You've been outspoken—in Outside magazine and other publications—about the need to build more trails in order to better protect wilderness. What do you say to the people who argue we need fewer trails, for the very same reason?

The comment that “we’re loving it to death”—that’s actually a very old tension, the idea that the world is this fragile thing. It is a real paradox. But in my opinion, the bigger danger is underuse. Because you need people to love the wilderness in order for it to continue existing. Two things happen to a trail when it’s too visited: it can become eroded and muddy and too wide, or the builders of that trail can change it fundamentally to allow more people to walk on it. There’s a place in New York called Bear Mountain, one of the most visited places on the Appalachian Trail because it’s connected by train to New York City.
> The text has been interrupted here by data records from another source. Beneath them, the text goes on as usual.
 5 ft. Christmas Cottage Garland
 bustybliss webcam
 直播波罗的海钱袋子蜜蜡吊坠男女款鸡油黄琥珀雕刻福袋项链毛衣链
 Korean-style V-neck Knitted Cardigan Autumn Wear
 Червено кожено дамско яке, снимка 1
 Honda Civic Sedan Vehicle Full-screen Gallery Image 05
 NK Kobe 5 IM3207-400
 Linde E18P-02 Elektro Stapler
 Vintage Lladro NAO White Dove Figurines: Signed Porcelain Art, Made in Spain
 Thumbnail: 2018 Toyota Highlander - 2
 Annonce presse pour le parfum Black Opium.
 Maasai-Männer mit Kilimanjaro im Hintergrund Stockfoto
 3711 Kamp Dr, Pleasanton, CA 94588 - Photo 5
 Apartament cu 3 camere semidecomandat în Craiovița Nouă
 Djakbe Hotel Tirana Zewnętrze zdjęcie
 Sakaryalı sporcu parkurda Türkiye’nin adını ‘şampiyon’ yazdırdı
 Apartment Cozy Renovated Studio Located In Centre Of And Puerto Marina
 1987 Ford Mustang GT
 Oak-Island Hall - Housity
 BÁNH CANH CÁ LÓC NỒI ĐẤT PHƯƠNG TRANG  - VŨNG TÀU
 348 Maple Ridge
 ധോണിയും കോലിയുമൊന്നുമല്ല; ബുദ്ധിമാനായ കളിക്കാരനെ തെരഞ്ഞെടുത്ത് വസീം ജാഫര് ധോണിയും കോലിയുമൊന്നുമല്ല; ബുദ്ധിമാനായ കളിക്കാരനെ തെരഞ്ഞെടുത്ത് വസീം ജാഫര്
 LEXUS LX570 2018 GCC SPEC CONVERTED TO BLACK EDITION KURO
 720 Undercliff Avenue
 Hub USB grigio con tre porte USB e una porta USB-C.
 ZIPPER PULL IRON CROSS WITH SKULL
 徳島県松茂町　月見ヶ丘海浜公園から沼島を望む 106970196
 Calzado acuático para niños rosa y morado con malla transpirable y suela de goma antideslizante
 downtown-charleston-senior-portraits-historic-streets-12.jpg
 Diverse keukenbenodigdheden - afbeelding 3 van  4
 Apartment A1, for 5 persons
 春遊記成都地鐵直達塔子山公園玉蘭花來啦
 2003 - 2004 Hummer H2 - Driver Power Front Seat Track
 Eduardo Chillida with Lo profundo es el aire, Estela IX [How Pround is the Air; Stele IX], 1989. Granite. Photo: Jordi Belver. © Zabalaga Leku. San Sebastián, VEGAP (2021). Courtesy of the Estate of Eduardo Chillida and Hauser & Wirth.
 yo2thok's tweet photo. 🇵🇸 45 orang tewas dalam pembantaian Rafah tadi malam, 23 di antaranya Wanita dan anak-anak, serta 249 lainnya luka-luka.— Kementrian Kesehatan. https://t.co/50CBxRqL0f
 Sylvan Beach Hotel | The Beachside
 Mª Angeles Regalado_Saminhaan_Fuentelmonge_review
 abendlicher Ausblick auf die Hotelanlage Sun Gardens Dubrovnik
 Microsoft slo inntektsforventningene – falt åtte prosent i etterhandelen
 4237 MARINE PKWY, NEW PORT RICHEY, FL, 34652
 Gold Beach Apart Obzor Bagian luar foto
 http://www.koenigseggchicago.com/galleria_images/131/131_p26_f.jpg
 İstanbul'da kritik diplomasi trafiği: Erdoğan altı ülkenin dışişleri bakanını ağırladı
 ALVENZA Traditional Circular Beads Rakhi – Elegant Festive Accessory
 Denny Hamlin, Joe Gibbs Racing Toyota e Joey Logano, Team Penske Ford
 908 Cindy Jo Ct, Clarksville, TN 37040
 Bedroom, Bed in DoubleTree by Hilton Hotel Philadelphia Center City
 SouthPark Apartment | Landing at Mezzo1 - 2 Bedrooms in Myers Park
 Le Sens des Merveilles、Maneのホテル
At one point, the trail had been completely destroyed by overuse: 30 feet wide, with all sorts of desire lines along different parts of the mountain. Now, there are a lot of stone steps; the builders had to completely reengineer it. It’s akin to paving a road, and that’s a good thing and a bad thing. It is no longer a completely wild space. But having a mix of spaces—some easy to access—it can allow the surrounding land to be unscathed. 

OK, so what is the biggest problem?

Oh my god. Climate change? Impending ecological collapse? I’m not a nature writer per se—more adjacent to it. But I think you’re going to see a turn toward more politically urgent writing. Just walking around in the forest and thinking about all the beautiful plants and what not, that’s no longer as appealing as it was, pre-Trump. Previously, I would have been more comfortable writing about trees in a universal way. But now it feels urgent to me to think about them in a way that can serve as a call to action. Something that is highly political can feel like propaganda to people, and they can tune out. But I get a feeling now of, who cares? The world is on the brink. You have a complete buffoon for a president who is hellbent on tearing everything apart. It was always urgent, but I guess I was able to delude myself into thinking that other people could take that on, and I was free to just think about all the beautiful stuff.